In about 1973 I for the first time took a very primitive video camera into my hands, pointed it at a moving dancer, and experienced a virtual world... the world of videodance.
In retrospect, this was the first taste of a long-running passion, the exploration of virtual worlds, currently being played out in both Second Life and now expanding into multiple "hypergrided" virtual universes.
After many years of exploring the "fixed" worlds of dance on video (in the sense of whatever I created, once completed, was "fixed" on the then prevalent videotape), I broke into an "interactive" virtual world with my introduction to Train Sim.
Introduced in June, 2001, Microsoft Train Simulator followed on the commercial success of Flight Simulator, which held less interest for me. MSTS, as it came to be known, was immersed in "real worlds", and the train was the mechanism to interactively travel through them.

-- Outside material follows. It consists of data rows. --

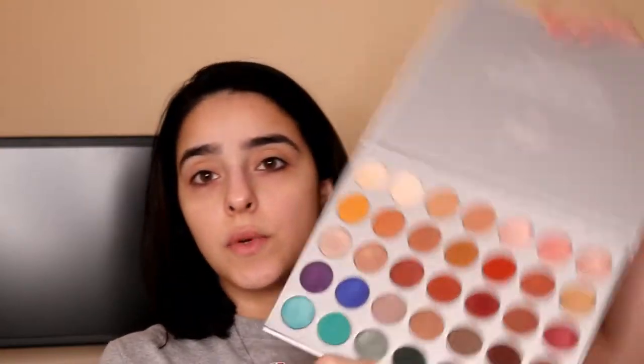So I have already primed my lids. I went ahead and used this Maybelline Age Rewind concealer — I really, really like this concealer, I'm actually getting back into it so I'm using this a lot more. And I went ahead and just set that with some Hourglass translucent powder. I'm going to be using the Jaclyn Hill palette, this is the first one.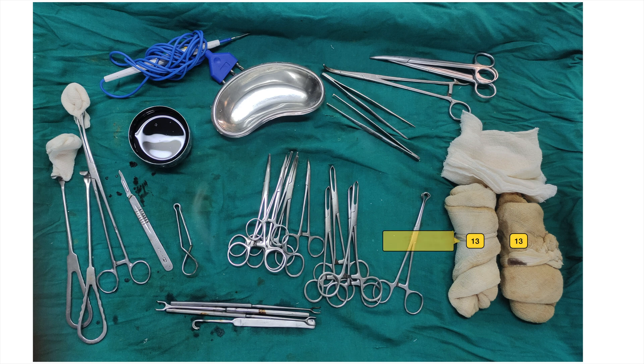13. Surgical mop. 14. Babcock tissue forceps. 15. Alice tissue forceps. 16. Artery forceps, plain and curved. 17. Double hook thyroid retractor.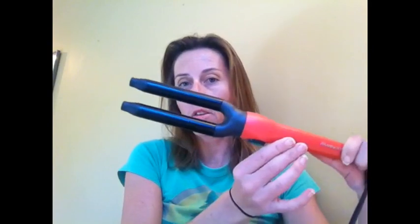Hey guys, I'm Whitney from Mommies with Style. Today I'm bringing you a tutorial for the Smart Style Guide. It's a new product from Remington — the Wrap to Waves Curler.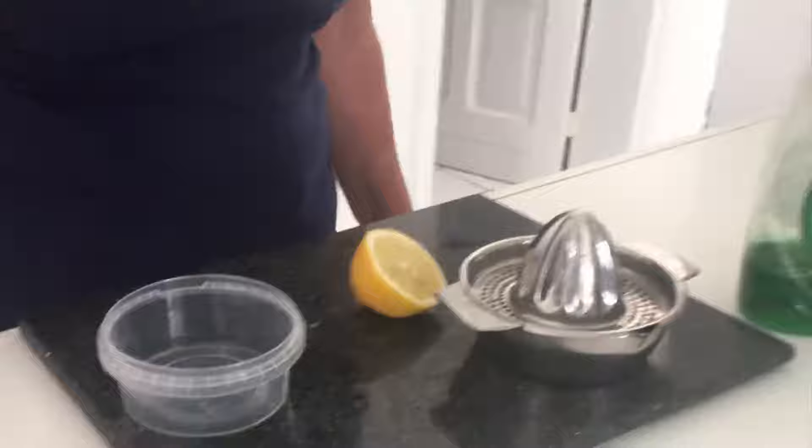A little bit of soap, a lemon, some salt, and a toothbrush. So I thought I'd give it a go.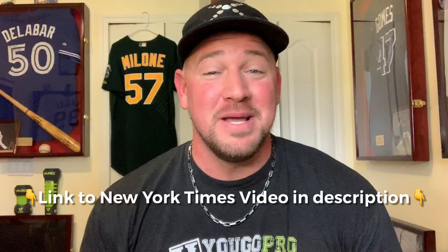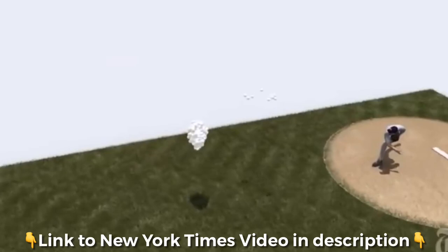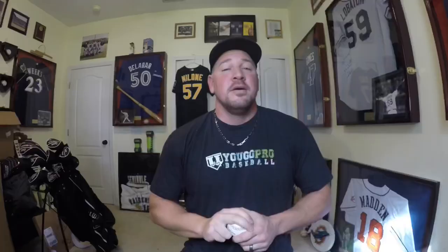The New York Times made a really cool video that I want you guys to watch after this one, because it talks about how he was so successful with this pitch. It shows an animation of all his pitches for the year coming out of one release point — it's a really cool video. I'll leave that link down below. Go watch that one because if you want to learn how to throw the Mariano Rivera cutter, there's some really good information in it as well.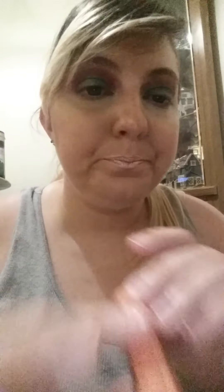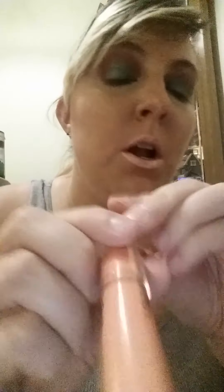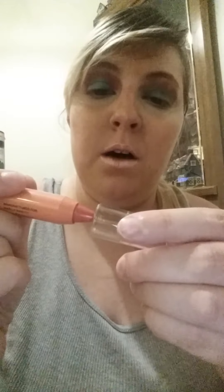The next item in the bag is a lip tint in the color Nectar. I'm gonna swatch this — I've never tried this brand before, and I've never tried lip tint either. It's a little coral color, so I will give this a shot.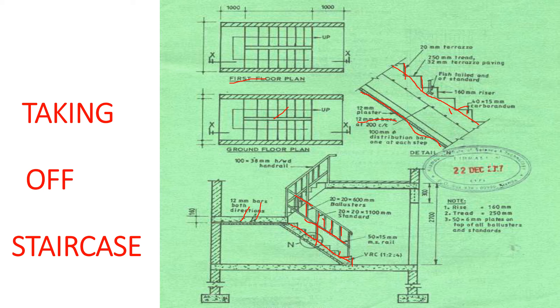We've been told our riser is 160 millimeters, the tread is 250 millimeters, and we have 50 by 6 millimeters plates on top of all balusters and standards.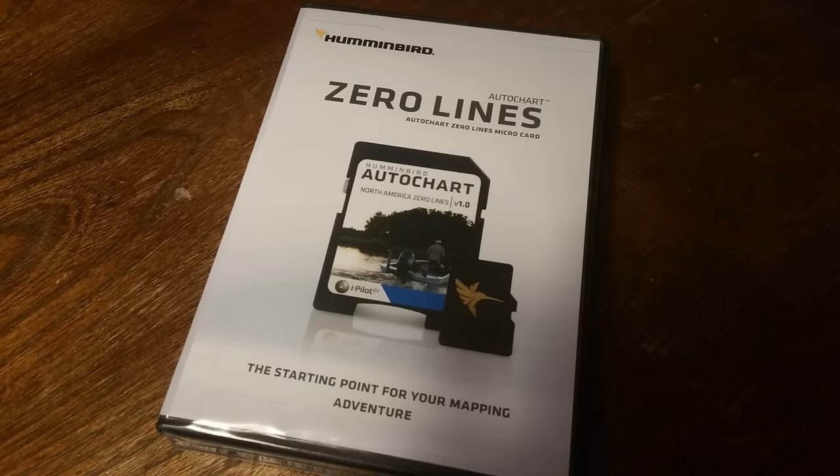This is not a touch unit — it is buttons only. The Onyx units you can get with a touch screen, but these are not touch screen. You can touch them all day and nothing's going to happen but some smudges and smears. On AutoChart Live, it's got eight hours of onboard memory, but you have to pay $100 for the Zero Line card to save anything beyond those eight hours, and they run out quick. Everything I've mentioned so far has really just been nitpicky things.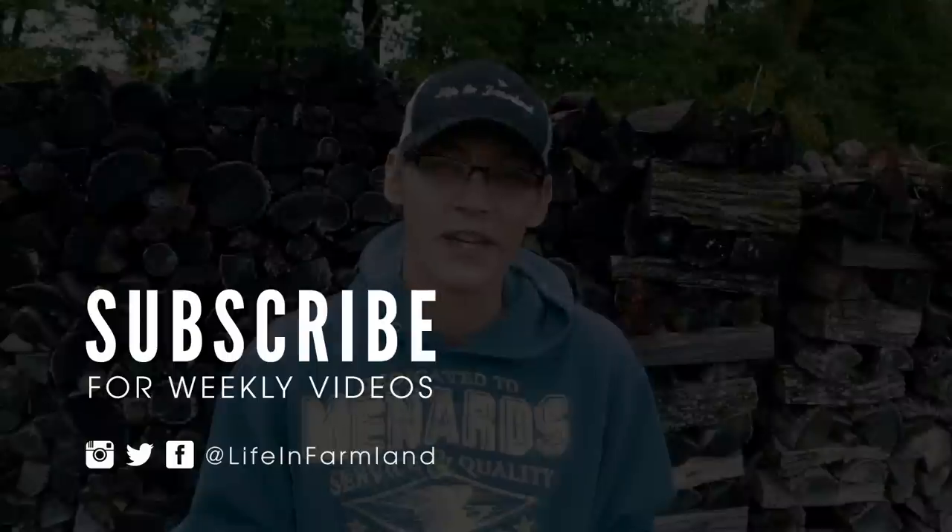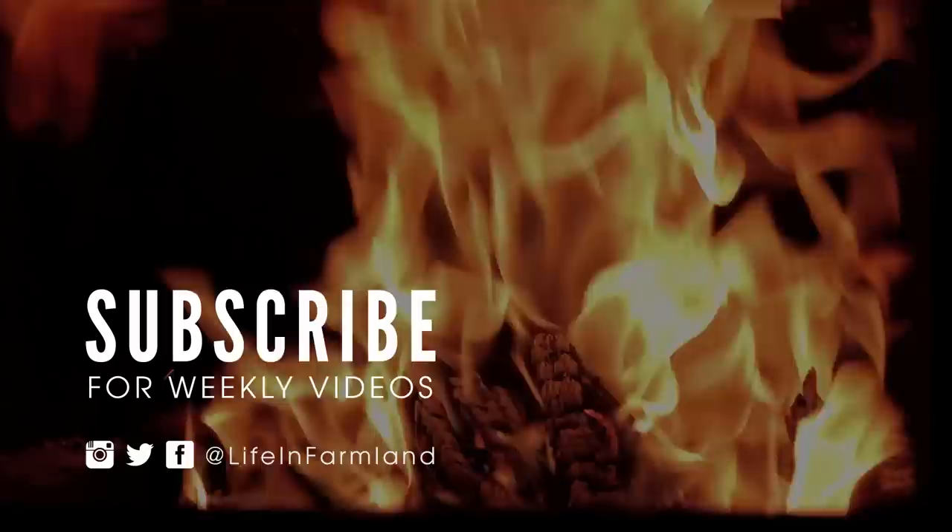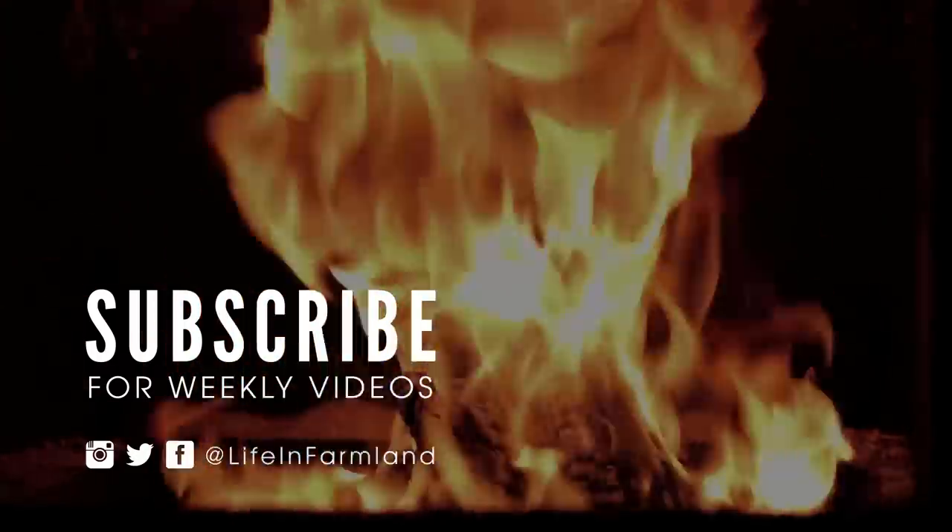Anyway, hope you guys enjoyed the video and we'll see you on the next one. Thanks for watching.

Within weeks of the MSTS release, I was deeply involved not only in the application itself, but also in the on-line community (Train-Sim is just one of many sites in the Train Sim community) which rapidly sprang up around it. MSTS had the great benefit of allowing users to create and share ANY content, from trains to timetables to buildings to entire worlds. A huge body of user-contributed content rapidly grew, provided by people from all over the world. This network, and content, is still growing, despite the MSTS product now being over 10 years old.
Perhaps because of my interest in creating environments in the dance work I had done, I became fascinated by the process of creating environmental contents for MSTS. I became one of the "experts" in MSTS environments and soon developed a primitive freeware utility which I contributed to the growing library of user-content.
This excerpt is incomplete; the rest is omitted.